[Input material Boundary: Start]
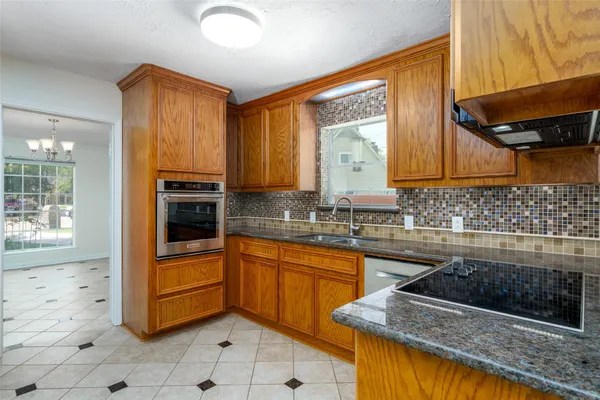 $2,400 | 11602 Jaycreek Drive, Houston, TX 77070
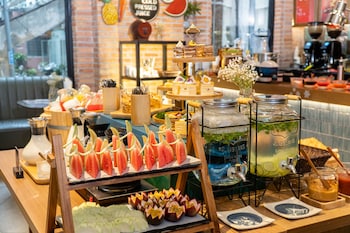 seahorse office and hotel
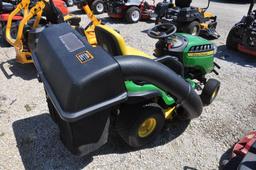 JD D130 riding lawn mower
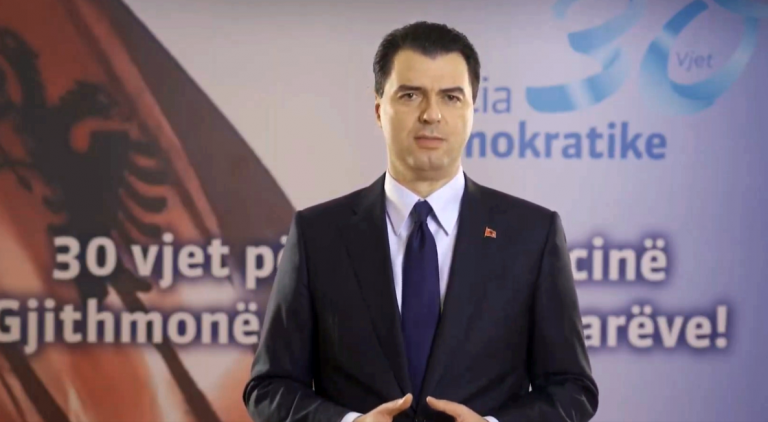 Basha publikon grafikun: Shqipëria në varfëri të plotë, Rama dhe ministrat e tij shumëfishojnë pasurinë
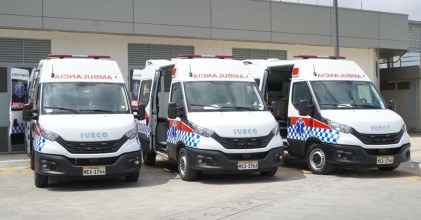 17 ambulancias nuevas llegaron al Ecuador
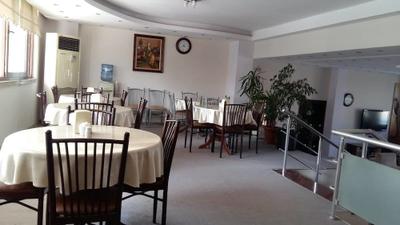 Bayrakli Otel
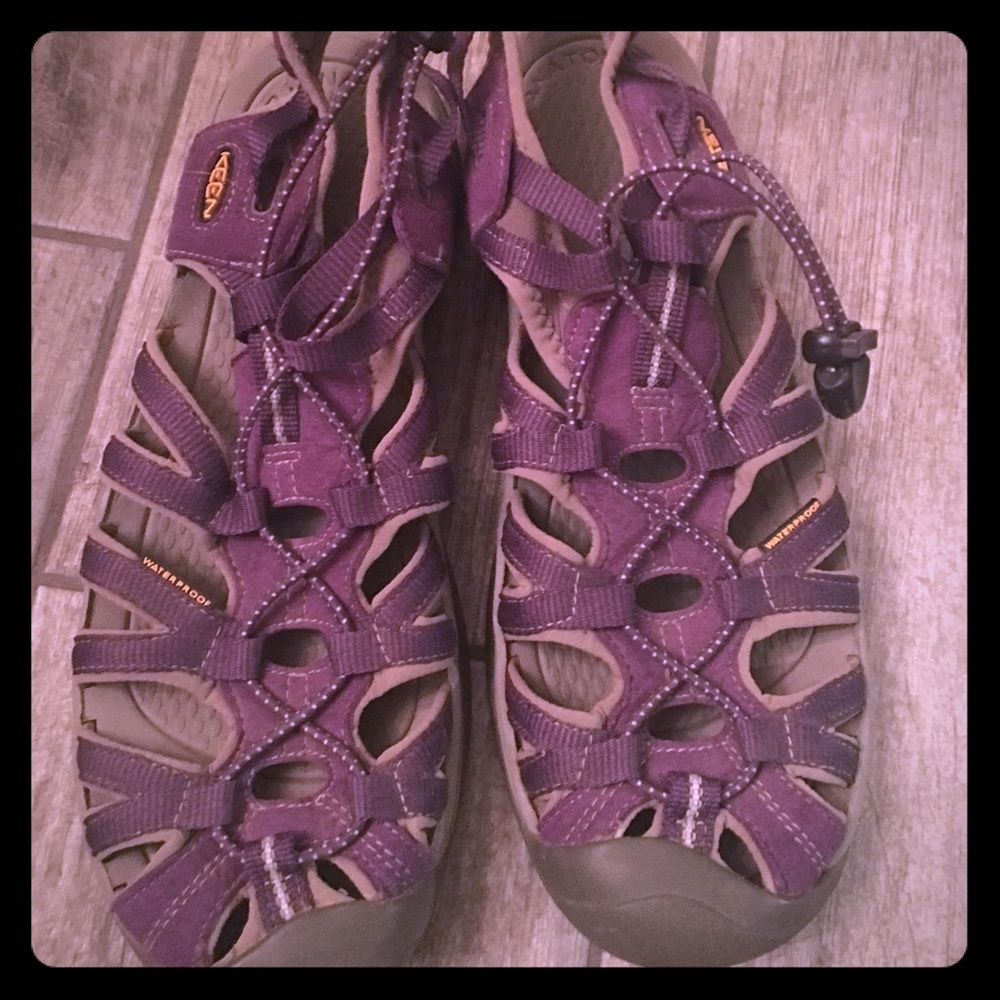 Keen waterproof sandels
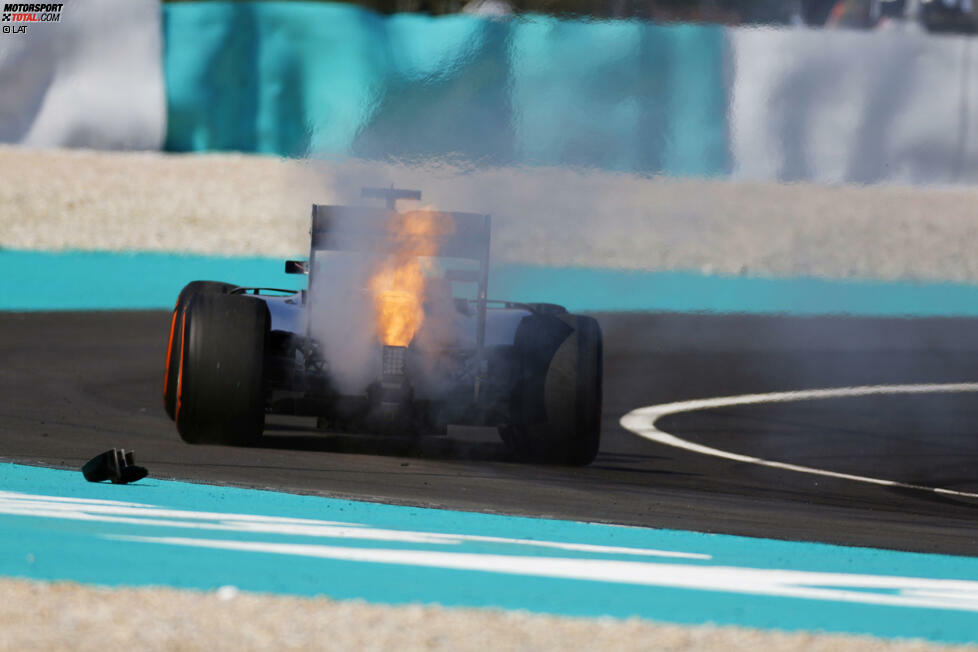 ... denn in Runde 41 verraucht der Mercedes-Motor von Spitzenreiter Hamilton, mit 22,6 Sekunden Vorsprung.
[Input material Boundary: End]
*Problem details*: Give an exact copy of the listing, without its pictures.

*Written answer*:
 $2,400 | 11602 Jaycreek Drive, Houston, TX 77070
 seahorse office and hotel
 JD D130 riding lawn mower
 Basha publikon grafikun: Shqipëria në varfëri të plotë, Rama dhe ministrat e tij shumëfishojnë pasurinë
 17 ambulancias nuevas llegaron al Ecuador
 Bayrakli Otel
 Keen waterproof sandels
 ... denn in Runde 41 verraucht der Mercedes-Motor von Spitzenreiter Hamilton, mit 22,6 Sekunden Vorsprung.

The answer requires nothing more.